WHAT TO DO: Exactly the lines from the one with "LEE LOGO TEE" through the end of the data below must be set down, and no pictures with them.

——

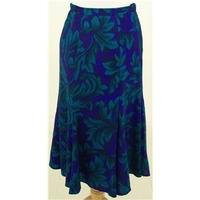 Vintage 80\'s Jacques Vert, size 12 green & purple wool skirt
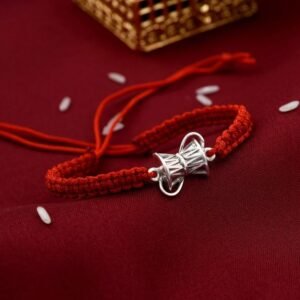 Silver Damru Rakhi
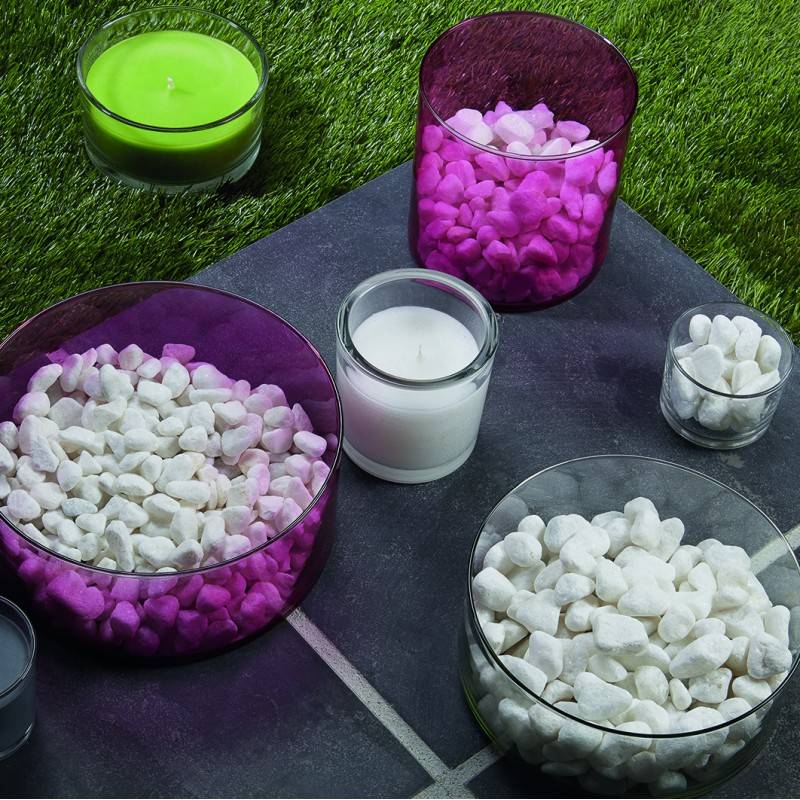 Jardinex - Gravier blanc roulé marbre 15/25 mm - Sac 25 kg - Blanc  - Jardinex - Imagen 3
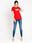 LEE LOGO TEE DAMSKI T-SHIRT KOSZULKA Z KRÓTKIM REKAWEM BRIGHT RED L43EEPEF - zdjęcie 3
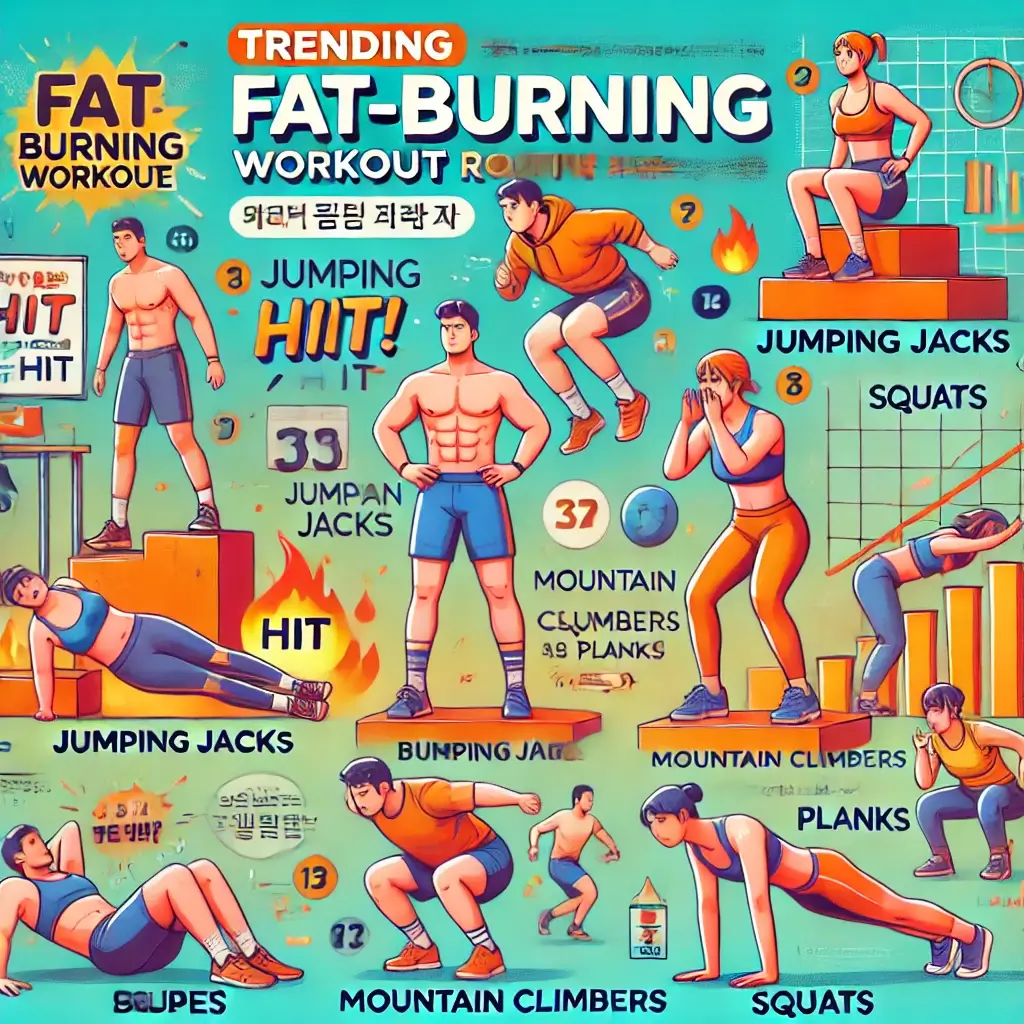 요즘 대세! 빠르게 체지방 감량하는 운동 루틴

——

WRITTEN REPLY:
 LEE LOGO TEE DAMSKI T-SHIRT KOSZULKA Z KRÓTKIM REKAWEM BRIGHT RED L43EEPEF - zdjęcie 3
 요즘 대세! 빠르게 체지방 감량하는 운동 루틴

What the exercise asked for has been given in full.